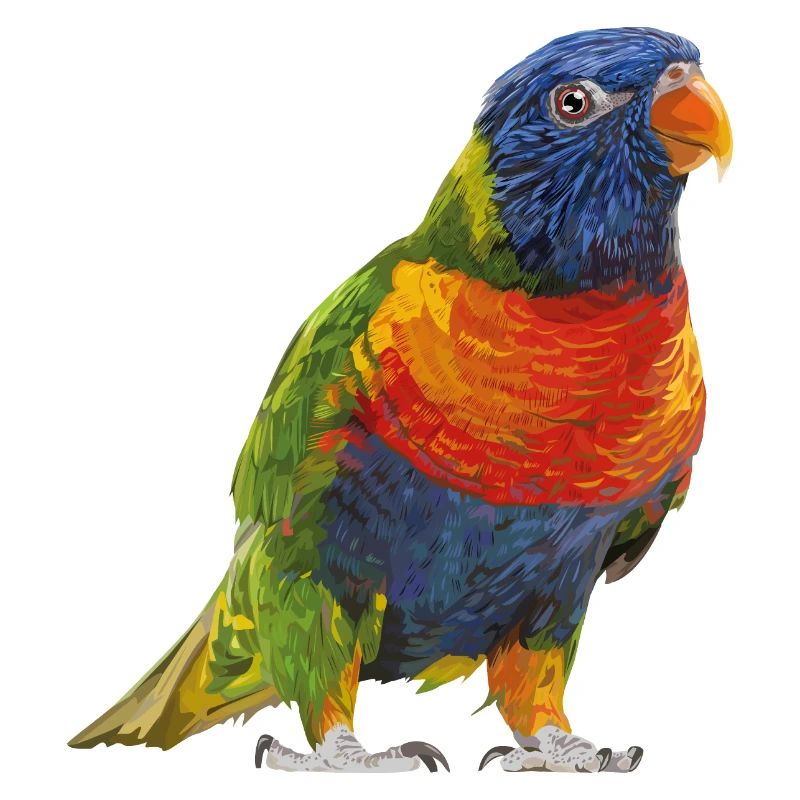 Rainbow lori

──────────

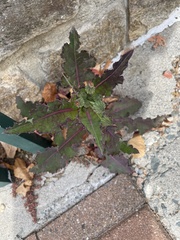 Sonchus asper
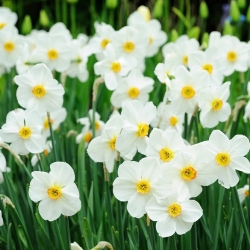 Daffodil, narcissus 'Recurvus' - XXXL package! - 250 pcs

──────────

• Problem: From the records above, quote word for word only the lines beginning at the line that has "Sonchus asper" and stopping after the line that has "Daffodil, narcissus 'Recurvus'". Omit the pictures.

• Written solution:
 Sonchus asper
 Daffodil, narcissus 'Recurvus' - XXXL package! - 250 pcs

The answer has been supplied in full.